## Task objective
Only lines containing the string "project" belong in the answer; copy all of them from the entries.

## Data for this exercise
Start of Block

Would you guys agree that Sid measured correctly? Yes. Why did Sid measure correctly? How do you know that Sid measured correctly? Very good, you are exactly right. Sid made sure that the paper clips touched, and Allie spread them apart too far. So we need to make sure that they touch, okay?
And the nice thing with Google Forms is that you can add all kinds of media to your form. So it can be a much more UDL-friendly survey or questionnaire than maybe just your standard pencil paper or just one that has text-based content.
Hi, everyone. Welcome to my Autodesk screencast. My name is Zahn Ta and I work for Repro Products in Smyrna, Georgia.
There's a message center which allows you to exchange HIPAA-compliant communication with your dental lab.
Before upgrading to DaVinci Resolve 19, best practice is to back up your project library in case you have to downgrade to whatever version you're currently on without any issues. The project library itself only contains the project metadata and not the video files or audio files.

End of Block
Start of Block

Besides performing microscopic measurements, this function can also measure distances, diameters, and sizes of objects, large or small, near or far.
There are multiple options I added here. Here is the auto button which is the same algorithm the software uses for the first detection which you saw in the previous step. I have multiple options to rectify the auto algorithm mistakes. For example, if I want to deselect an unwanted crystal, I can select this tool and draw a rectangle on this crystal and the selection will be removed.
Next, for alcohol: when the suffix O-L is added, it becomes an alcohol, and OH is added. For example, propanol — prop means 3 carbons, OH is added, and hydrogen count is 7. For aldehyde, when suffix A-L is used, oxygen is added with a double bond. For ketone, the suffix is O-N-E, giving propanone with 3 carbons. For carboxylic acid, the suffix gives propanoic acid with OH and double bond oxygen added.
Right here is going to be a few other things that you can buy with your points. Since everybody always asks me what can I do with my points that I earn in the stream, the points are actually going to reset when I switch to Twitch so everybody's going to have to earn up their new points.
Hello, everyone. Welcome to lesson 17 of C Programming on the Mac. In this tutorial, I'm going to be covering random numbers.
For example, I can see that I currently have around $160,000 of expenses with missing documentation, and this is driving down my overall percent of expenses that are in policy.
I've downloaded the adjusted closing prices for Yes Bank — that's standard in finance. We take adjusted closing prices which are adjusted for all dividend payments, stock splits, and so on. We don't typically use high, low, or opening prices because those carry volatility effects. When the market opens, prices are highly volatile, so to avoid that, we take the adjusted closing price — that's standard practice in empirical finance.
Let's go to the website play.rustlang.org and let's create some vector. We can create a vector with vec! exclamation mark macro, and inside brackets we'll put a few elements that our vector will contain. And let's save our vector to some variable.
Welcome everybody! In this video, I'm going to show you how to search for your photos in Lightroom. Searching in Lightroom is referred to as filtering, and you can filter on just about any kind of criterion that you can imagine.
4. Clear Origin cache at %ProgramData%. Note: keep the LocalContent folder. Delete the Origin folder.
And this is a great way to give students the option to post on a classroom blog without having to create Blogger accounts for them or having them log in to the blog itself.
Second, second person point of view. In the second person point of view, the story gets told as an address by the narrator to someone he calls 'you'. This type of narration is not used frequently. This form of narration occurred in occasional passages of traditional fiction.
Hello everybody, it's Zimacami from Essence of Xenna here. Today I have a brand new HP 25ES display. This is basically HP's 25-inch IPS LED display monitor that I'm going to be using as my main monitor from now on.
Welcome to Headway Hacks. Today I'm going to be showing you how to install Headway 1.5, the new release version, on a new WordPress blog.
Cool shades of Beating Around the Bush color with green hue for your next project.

End of Block

## Expected output
Before upgrading to DaVinci Resolve 19, best practice is to back up your project library in case you have to downgrade to whatever version you're currently on without any issues. The project library itself only contains the project metadata and not the video files or audio files.
Cool shades of Beating Around the Bush color with green hue for your next project.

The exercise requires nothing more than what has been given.